**AIM OF THE EXERCISE**
Transcribe, exactly and without pictures, the lines below from the line with "A brick building" to the line with "A wooden dock", both ends included, and no others.

**ENTRIES SUPPLIED**
+ + +
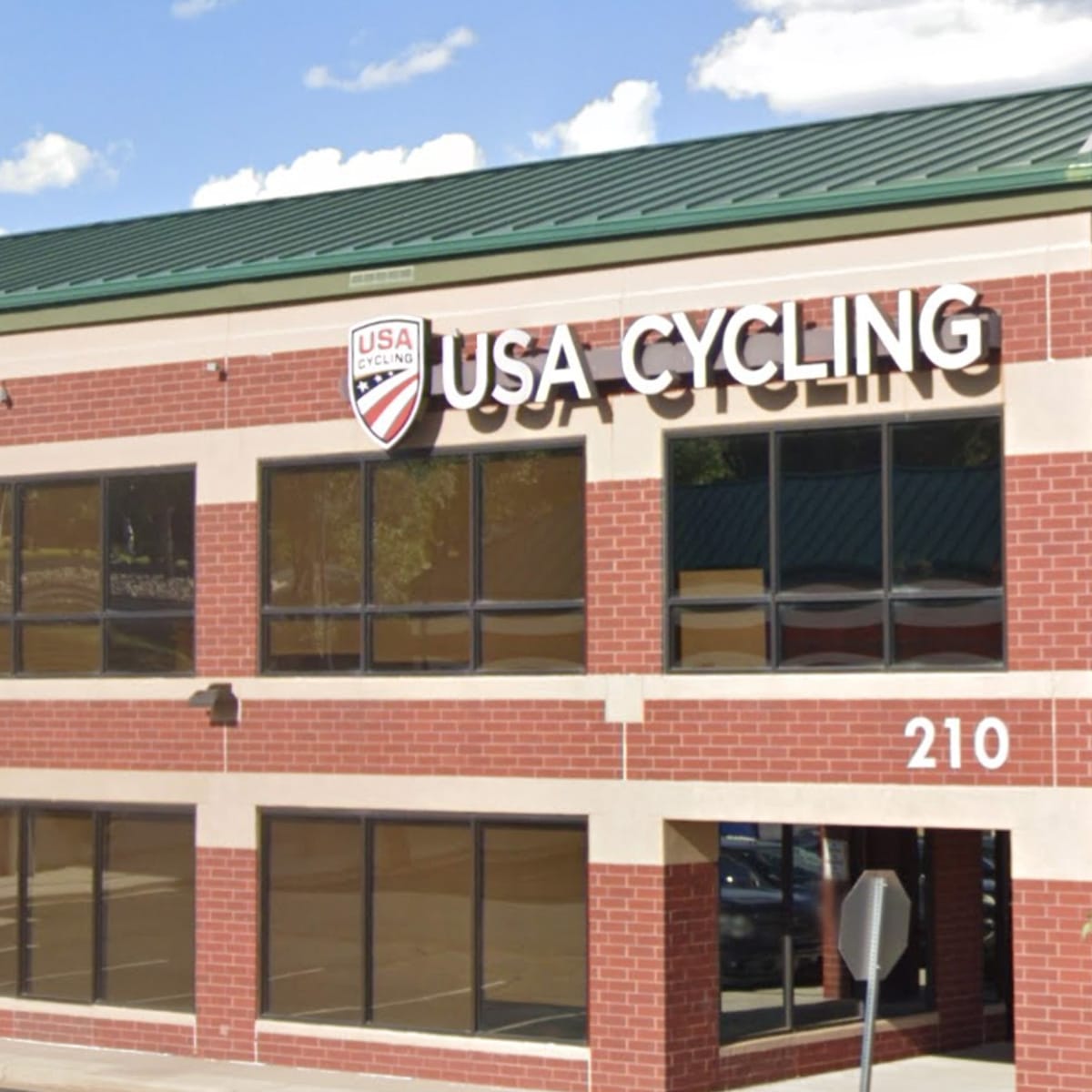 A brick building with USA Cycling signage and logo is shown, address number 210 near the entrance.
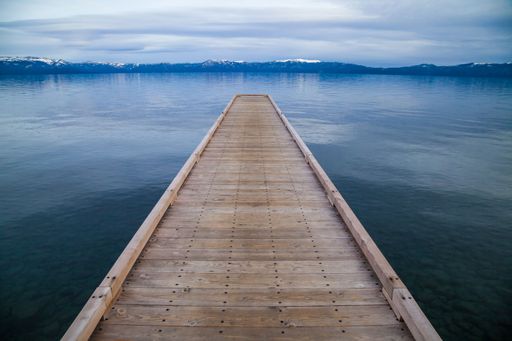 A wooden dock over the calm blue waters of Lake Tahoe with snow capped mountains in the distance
+ + +
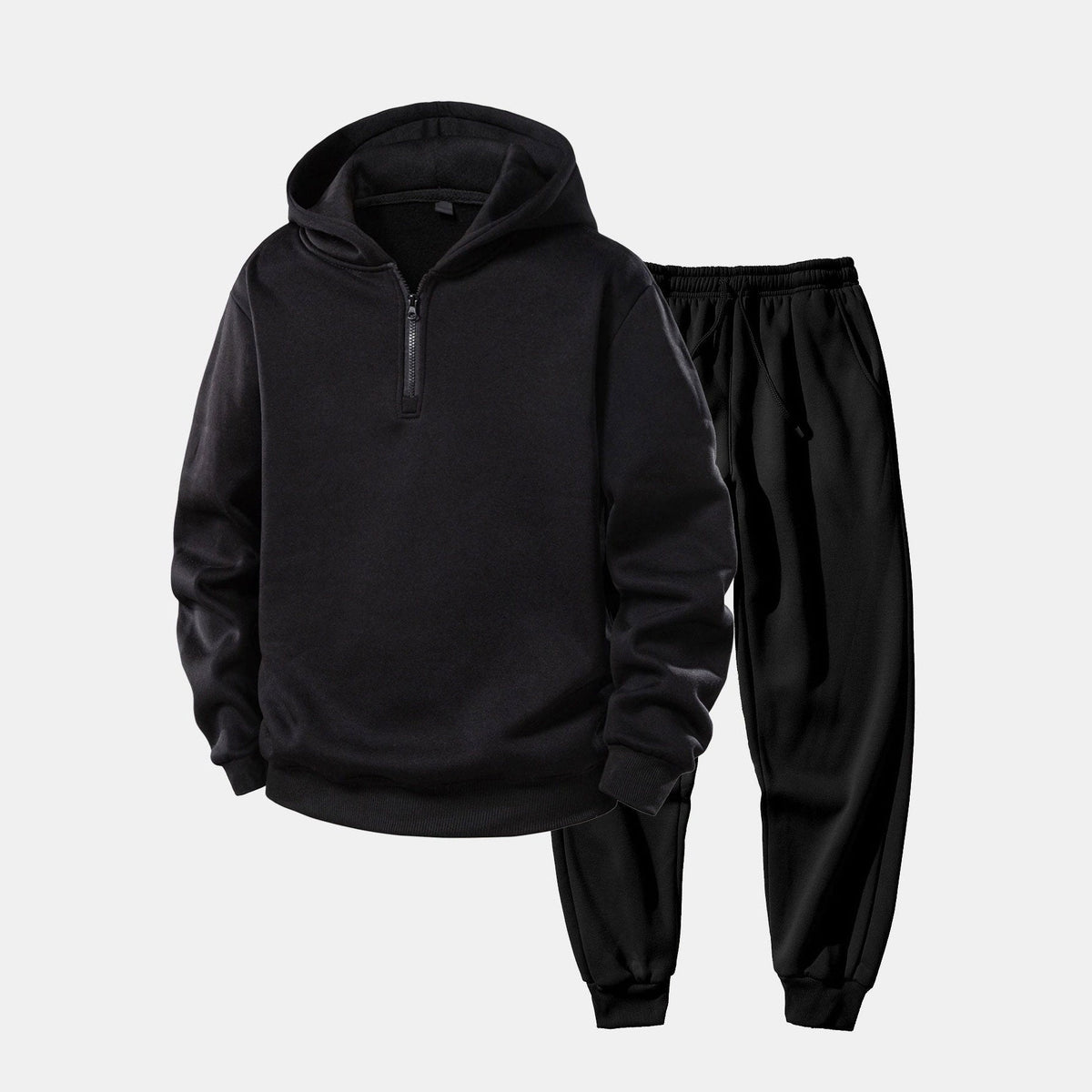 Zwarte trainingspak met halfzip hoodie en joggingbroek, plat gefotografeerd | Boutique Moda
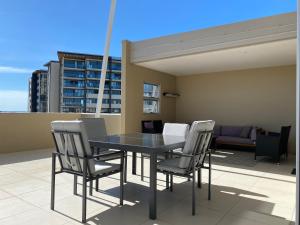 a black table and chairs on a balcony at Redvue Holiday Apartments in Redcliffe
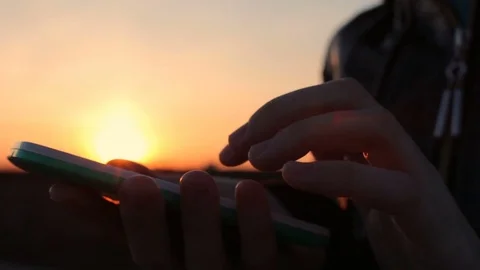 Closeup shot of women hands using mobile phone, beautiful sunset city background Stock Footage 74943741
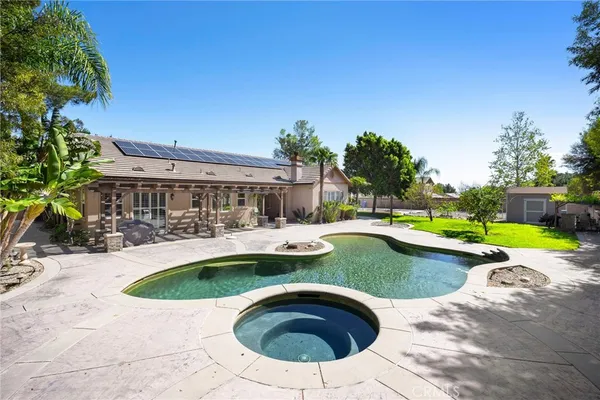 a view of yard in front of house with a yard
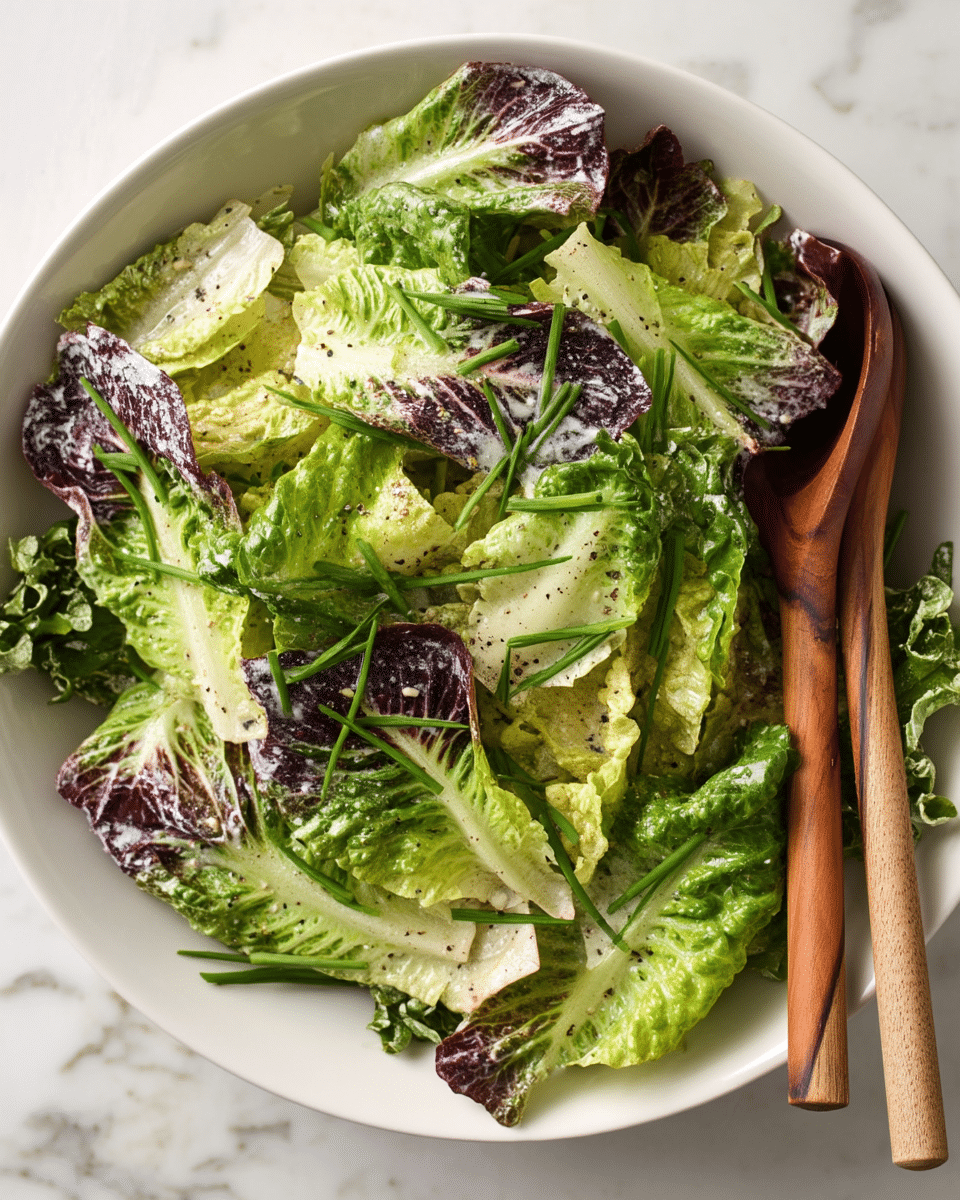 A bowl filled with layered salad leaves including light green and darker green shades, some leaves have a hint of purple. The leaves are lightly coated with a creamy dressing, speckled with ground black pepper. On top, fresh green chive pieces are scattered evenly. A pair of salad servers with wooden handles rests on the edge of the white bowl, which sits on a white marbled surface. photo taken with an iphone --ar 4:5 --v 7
+ + +
**OUTPUT**
 A brick building with USA Cycling signage and logo is shown, address number 210 near the entrance.
 A wooden dock over the calm blue waters of Lake Tahoe with snow capped mountains in the distance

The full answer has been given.